* _WORK TO COMPLETE_
Copy the data that follows, character for character, minus the pictures.

'''

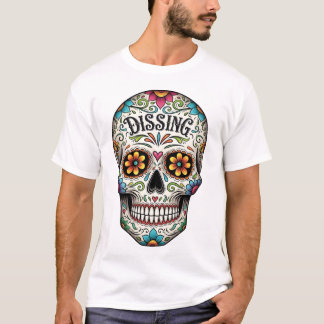 Camiseta Dia de los muertes crânio. Dia Mexicano dos Mortos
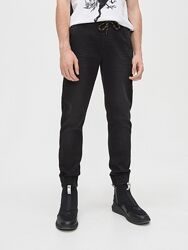 Джинси джоггерти підлітку утеплені-зима&92чорний колір 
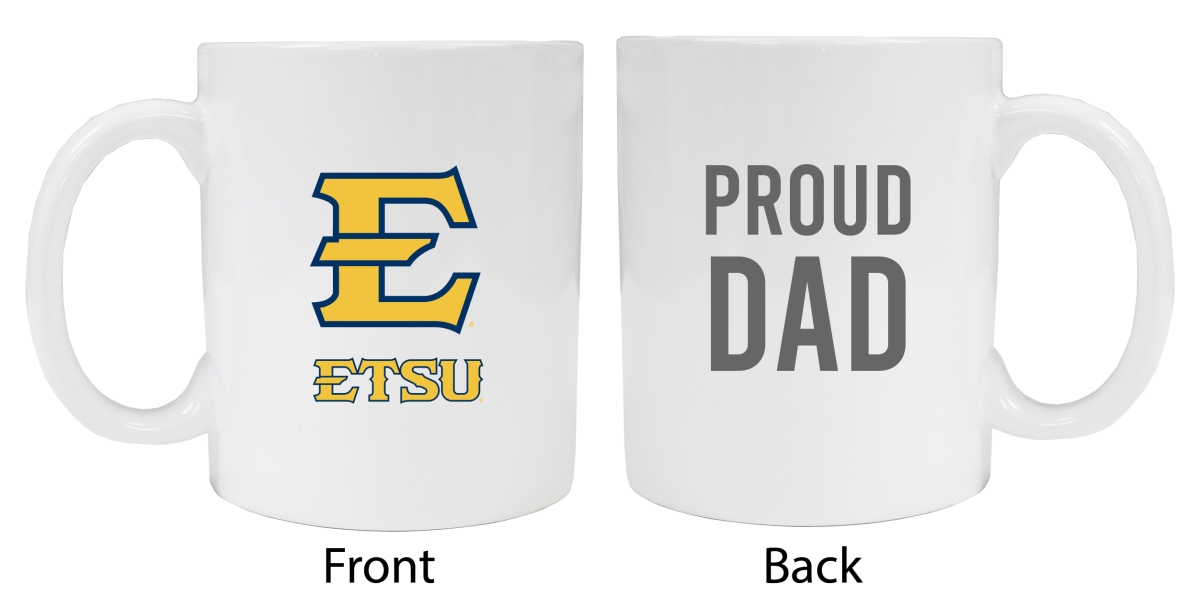 Picture of R & R Imports MUG2-C-ETSU20 DAD East Tennessee State University Proud Dad White Ceramic Coffee Mug - Pack of 2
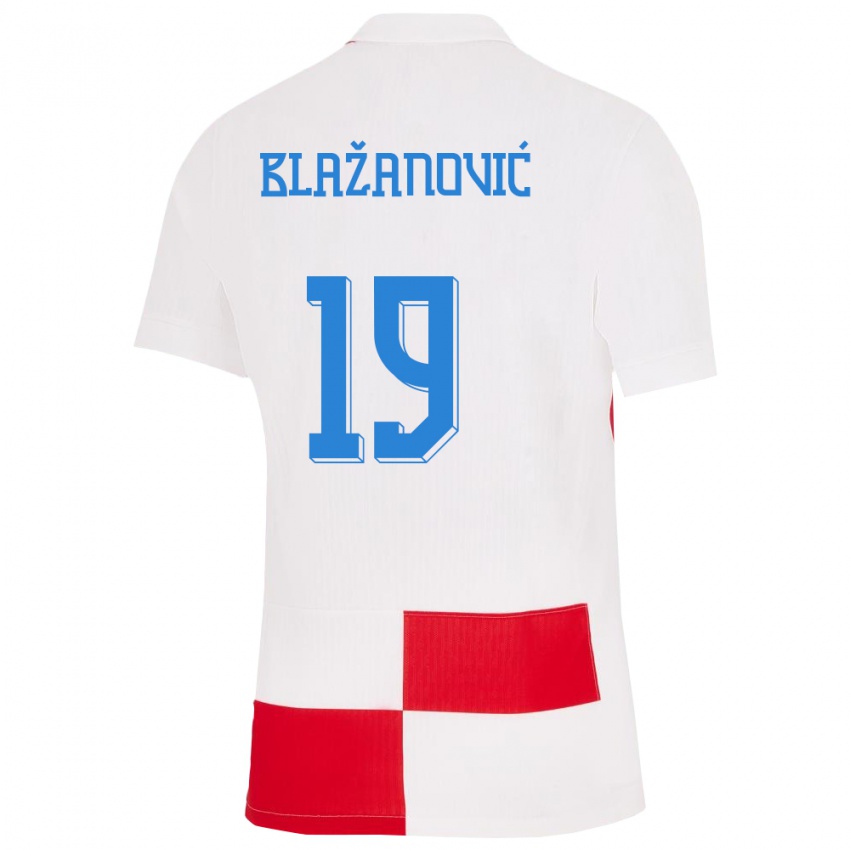 Bambino Maglia Croazia Antonio Blazanovic #19 Bianco Rosso Kit Gara Home 24-26 Maglietta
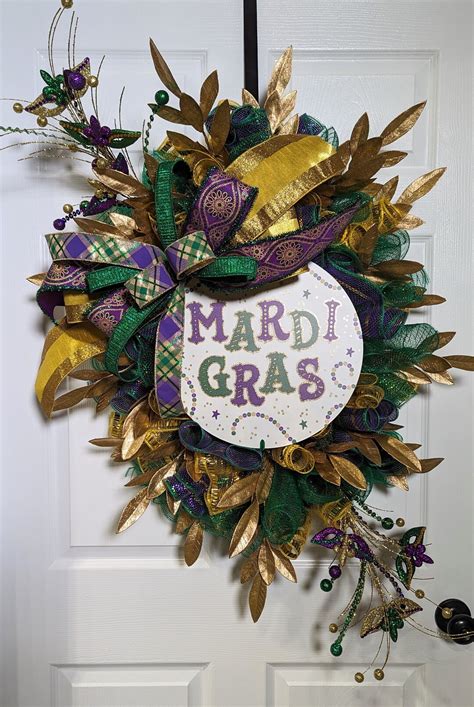 Mardi Gras Wreath, Mardi Gras Decorations, Beads and Bling Wreath, New ...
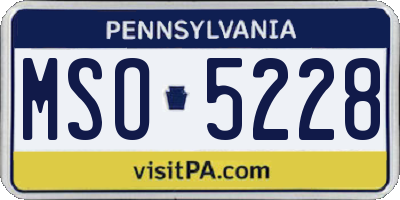 PA license plate MSO5228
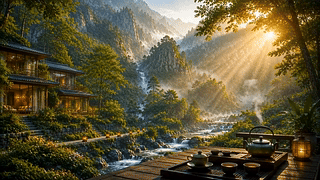 古风斜阳山水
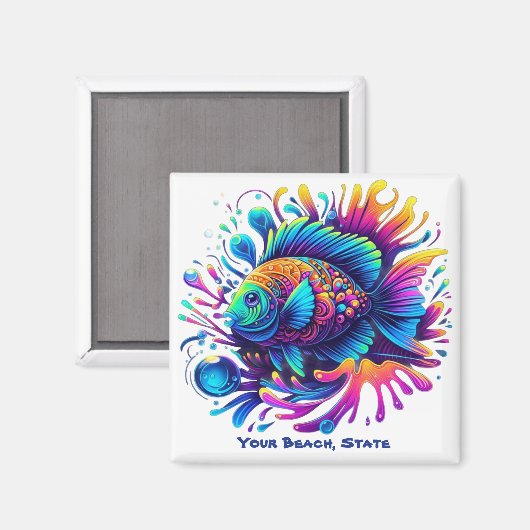 Aimant Poisson coloré (Recto/Verso)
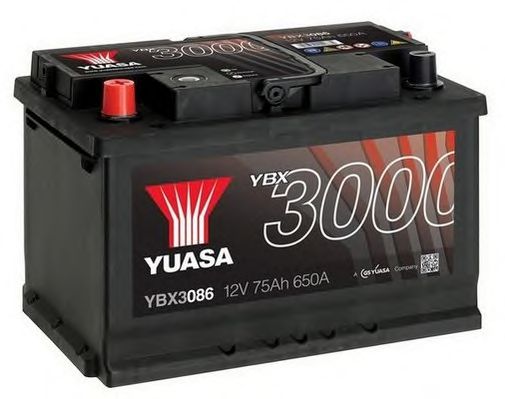 YUASA YBX3086, Bateria de Arranque 12v 75ah 650a +e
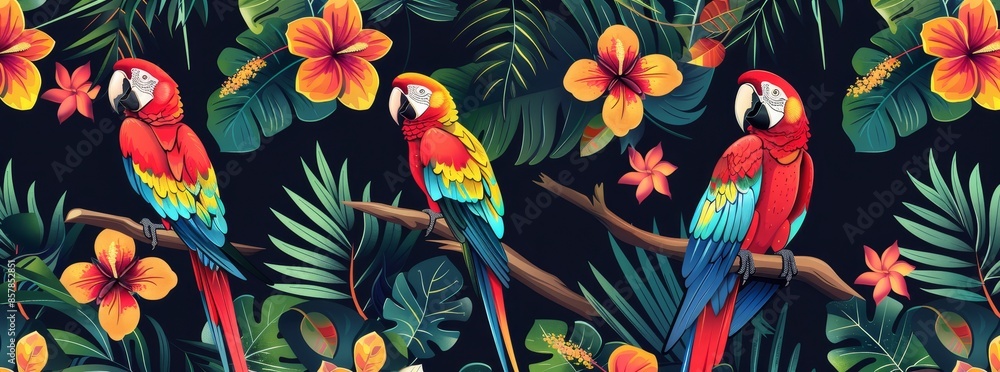 Tropical leaves and exotic birds in a bright collage. Abstract background of nature. Tropical leaves and exotic birds in a bright collage. Abstract background of nature.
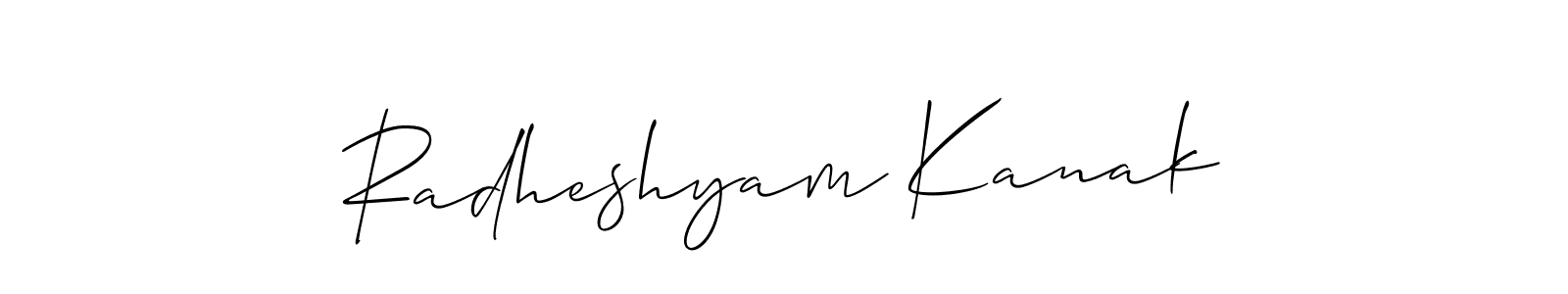 You should practise on your own different ways (Allison_Script) to write your name (Radheshyam Kanak) in signature. don't let someone else do it for you. Radheshyam Kanak signature style 2 images and pictures png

'''

* _SOLUTION TO THIS PROBLEM_
 Camiseta Dia de los muertes crânio. Dia Mexicano dos Mortos
 Джинси джоггерти підлітку утеплені-зима&92чорний колір 
 Picture of R & R Imports MUG2-C-ETSU20 DAD East Tennessee State University Proud Dad White Ceramic Coffee Mug - Pack of 2
 Bambino Maglia Croazia Antonio Blazanovic #19 Bianco Rosso Kit Gara Home 24-26 Maglietta
 Mardi Gras Wreath, Mardi Gras Decorations, Beads and Bling Wreath, New ...
 PA license plate MSO5228
 古风斜阳山水
 Aimant Poisson coloré (Recto/Verso)
 YUASA YBX3086, Bateria de Arranque 12v 75ah 650a +e
 Tropical leaves and exotic birds in a bright collage. Abstract background of nature. Tropical leaves and exotic birds in a bright collage. Abstract background of nature.
 You should practise on your own different ways (Allison_Script) to write your name (Radheshyam Kanak) in signature. don't let someone else do it for you. Radheshyam Kanak signature style 2 images and pictures png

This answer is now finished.